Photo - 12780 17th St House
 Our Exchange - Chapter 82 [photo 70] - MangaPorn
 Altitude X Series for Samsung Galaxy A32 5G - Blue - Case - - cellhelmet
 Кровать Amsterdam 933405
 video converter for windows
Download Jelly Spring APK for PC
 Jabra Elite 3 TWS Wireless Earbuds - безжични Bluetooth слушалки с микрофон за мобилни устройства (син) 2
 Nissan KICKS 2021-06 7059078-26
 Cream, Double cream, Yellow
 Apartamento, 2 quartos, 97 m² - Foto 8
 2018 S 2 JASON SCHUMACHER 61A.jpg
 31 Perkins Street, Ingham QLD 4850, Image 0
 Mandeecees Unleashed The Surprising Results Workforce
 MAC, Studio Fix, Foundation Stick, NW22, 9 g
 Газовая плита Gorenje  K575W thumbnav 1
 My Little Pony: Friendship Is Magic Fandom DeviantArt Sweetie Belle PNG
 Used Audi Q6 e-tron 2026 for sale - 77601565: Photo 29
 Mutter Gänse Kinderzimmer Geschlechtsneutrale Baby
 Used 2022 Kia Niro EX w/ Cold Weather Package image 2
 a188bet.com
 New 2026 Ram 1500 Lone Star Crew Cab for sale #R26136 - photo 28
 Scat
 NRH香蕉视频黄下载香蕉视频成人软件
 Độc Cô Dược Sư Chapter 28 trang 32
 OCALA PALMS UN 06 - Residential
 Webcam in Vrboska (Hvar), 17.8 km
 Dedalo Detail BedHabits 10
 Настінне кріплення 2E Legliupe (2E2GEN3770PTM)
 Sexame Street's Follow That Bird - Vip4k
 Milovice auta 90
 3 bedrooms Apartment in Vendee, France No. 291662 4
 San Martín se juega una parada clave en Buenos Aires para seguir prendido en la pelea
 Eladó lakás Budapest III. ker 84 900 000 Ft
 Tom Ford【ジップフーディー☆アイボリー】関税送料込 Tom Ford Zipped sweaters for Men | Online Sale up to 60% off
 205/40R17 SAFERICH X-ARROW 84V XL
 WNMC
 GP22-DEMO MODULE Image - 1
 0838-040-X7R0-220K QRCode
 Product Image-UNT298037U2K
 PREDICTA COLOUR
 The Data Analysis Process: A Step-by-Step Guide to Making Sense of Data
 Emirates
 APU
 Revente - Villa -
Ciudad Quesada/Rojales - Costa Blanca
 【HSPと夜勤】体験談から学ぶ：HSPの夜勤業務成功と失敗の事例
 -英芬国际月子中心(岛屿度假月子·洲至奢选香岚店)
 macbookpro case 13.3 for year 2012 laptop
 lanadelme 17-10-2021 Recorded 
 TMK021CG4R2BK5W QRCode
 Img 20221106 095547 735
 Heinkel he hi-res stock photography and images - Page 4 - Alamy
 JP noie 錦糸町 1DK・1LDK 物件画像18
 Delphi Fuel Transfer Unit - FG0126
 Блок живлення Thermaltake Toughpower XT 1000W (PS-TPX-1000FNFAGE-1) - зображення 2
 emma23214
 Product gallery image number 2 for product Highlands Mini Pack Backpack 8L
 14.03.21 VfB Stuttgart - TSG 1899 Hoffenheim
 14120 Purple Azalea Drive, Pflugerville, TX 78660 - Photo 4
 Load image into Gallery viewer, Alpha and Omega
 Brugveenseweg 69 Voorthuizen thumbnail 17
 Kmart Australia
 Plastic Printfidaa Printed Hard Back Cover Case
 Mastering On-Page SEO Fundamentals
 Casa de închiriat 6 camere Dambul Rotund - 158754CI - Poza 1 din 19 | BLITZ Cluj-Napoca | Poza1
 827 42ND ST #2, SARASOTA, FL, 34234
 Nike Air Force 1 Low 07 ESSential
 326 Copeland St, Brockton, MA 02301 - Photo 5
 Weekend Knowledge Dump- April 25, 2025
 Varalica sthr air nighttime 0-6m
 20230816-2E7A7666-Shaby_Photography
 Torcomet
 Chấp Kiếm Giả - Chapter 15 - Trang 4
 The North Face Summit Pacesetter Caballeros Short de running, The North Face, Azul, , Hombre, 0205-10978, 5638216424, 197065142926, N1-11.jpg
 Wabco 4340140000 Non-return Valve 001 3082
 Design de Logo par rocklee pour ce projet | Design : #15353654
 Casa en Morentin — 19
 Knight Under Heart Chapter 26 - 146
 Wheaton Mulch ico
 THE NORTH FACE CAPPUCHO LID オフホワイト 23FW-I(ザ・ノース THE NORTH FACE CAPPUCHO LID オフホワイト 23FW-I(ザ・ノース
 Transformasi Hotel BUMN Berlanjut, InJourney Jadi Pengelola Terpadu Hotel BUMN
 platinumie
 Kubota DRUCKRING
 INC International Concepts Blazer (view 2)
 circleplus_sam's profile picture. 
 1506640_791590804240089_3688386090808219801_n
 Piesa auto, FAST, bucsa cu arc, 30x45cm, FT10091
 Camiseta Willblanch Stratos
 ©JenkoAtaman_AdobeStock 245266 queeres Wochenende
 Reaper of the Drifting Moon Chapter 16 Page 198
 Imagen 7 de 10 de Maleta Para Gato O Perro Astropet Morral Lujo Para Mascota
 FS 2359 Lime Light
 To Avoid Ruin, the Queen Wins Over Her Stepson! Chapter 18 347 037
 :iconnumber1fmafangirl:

▸ What you need to do
Write out the entries in full, exactly as given.

▸ Task output
Photo - 12780 17th St House
 Our Exchange - Chapter 82 [photo 70] - MangaPorn
 Altitude X Series for Samsung Galaxy A32 5G - Blue - Case - - cellhelmet
 Кровать Amsterdam 933405
 video converter for windows
Download Jelly Spring APK for PC
 Jabra Elite 3 TWS Wireless Earbuds - безжични Bluetooth слушалки с микрофон за мобилни устройства (син) 2
 Nissan KICKS 2021-06 7059078-26
 Cream, Double cream, Yellow
 Apartamento, 2 quartos, 97 m² - Foto 8
 2018 S 2 JASON SCHUMACHER 61A.jpg
 31 Perkins Street, Ingham QLD 4850, Image 0
 Mandeecees Unleashed The Surprising Results Workforce
 MAC, Studio Fix, Foundation Stick, NW22, 9 g
 Газовая плита Gorenje  K575W thumbnav 1
 My Little Pony: Friendship Is Magic Fandom DeviantArt Sweetie Belle PNG
 Used Audi Q6 e-tron 2026 for sale - 77601565: Photo 29
 Mutter Gänse Kinderzimmer Geschlechtsneutrale Baby
 Used 2022 Kia Niro EX w/ Cold Weather Package image 2
 a188bet.com
 New 2026 Ram 1500 Lone Star Crew Cab for sale #R26136 - photo 28
 Scat
 NRH香蕉视频黄下载香蕉视频成人软件
 Độc Cô Dược Sư Chapter 28 trang 32
 OCALA PALMS UN 06 - Residential
 Webcam in Vrboska (Hvar), 17.8 km
 Dedalo Detail BedHabits 10
 Настінне кріплення 2E Legliupe (2E2GEN3770PTM)
 Sexame Street's Follow That Bird - Vip4k
 Milovice auta 90
 3 bedrooms Apartment in Vendee, France No. 291662 4
 San Martín se juega una parada clave en Buenos Aires para seguir prendido en la pelea
 Eladó lakás Budapest III. ker 84 900 000 Ft
 Tom Ford【ジップフーディー☆アイボリー】関税送料込 Tom Ford Zipped sweaters for Men | Online Sale up to 60% off
 205/40R17 SAFERICH X-ARROW 84V XL
 WNMC
 GP22-DEMO MODULE Image - 1
 0838-040-X7R0-220K QRCode
 Product Image-UNT298037U2K
 PREDICTA COLOUR
 The Data Analysis Process: A Step-by-Step Guide to Making Sense of Data
 Emirates
 APU
 Revente - Villa -
Ciudad Quesada/Rojales - Costa Blanca
 【HSPと夜勤】体験談から学ぶ：HSPの夜勤業務成功と失敗の事例
 -英芬国际月子中心(岛屿度假月子·洲至奢选香岚店)
 macbookpro case 13.3 for year 2012 laptop
 lanadelme 17-10-2021 Recorded 
 TMK021CG4R2BK5W QRCode
 Img 20221106 095547 735
 Heinkel he hi-res stock photography and images - Page 4 - Alamy
 JP noie 錦糸町 1DK・1LDK 物件画像18
 Delphi Fuel Transfer Unit - FG0126
 Блок живлення Thermaltake Toughpower XT 1000W (PS-TPX-1000FNFAGE-1) - зображення 2
 emma23214
 Product gallery image number 2 for product Highlands Mini Pack Backpack 8L
 14.03.21 VfB Stuttgart - TSG 1899 Hoffenheim
 14120 Purple Azalea Drive, Pflugerville, TX 78660 - Photo 4
 Load image into Gallery viewer, Alpha and Omega
 Brugveenseweg 69 Voorthuizen thumbnail 17
 Kmart Australia
 Plastic Printfidaa Printed Hard Back Cover Case
 Mastering On-Page SEO Fundamentals
 Casa de închiriat 6 camere Dambul Rotund - 158754CI - Poza 1 din 19 | BLITZ Cluj-Napoca | Poza1
 827 42ND ST #2, SARASOTA, FL, 34234
 Nike Air Force 1 Low 07 ESSential
 326 Copeland St, Brockton, MA 02301 - Photo 5
 Weekend Knowledge Dump- April 25, 2025
 Varalica sthr air nighttime 0-6m
 20230816-2E7A7666-Shaby_Photography
 Torcomet
 Chấp Kiếm Giả - Chapter 15 - Trang 4
 The North Face Summit Pacesetter Caballeros Short de running, The North Face, Azul, , Hombre, 0205-10978, 5638216424, 197065142926, N1-11.jpg
 Wabco 4340140000 Non-return Valve 001 3082
 Design de Logo par rocklee pour ce projet | Design : #15353654
 Casa en Morentin — 19
 Knight Under Heart Chapter 26 - 146
 Wheaton Mulch ico
 THE NORTH FACE CAPPUCHO LID オフホワイト 23FW-I(ザ・ノース THE NORTH FACE CAPPUCHO LID オフホワイト 23FW-I(ザ・ノース
 Transformasi Hotel BUMN Berlanjut, InJourney Jadi Pengelola Terpadu Hotel BUMN
 platinumie
 Kubota DRUCKRING
 INC International Concepts Blazer (view 2)
 circleplus_sam's profile picture. 
 1506640_791590804240089_3688386090808219801_n
 Piesa auto, FAST, bucsa cu arc, 30x45cm, FT10091
 Camiseta Willblanch Stratos
 ©JenkoAtaman_AdobeStock 245266 queeres Wochenende
 Reaper of the Drifting Moon Chapter 16 Page 198
 Imagen 7 de 10 de Maleta Para Gato O Perro Astropet Morral Lujo Para Mascota
 FS 2359 Lime Light
 To Avoid Ruin, the Queen Wins Over Her Stepson! Chapter 18 347 037
 :iconnumber1fmafangirl:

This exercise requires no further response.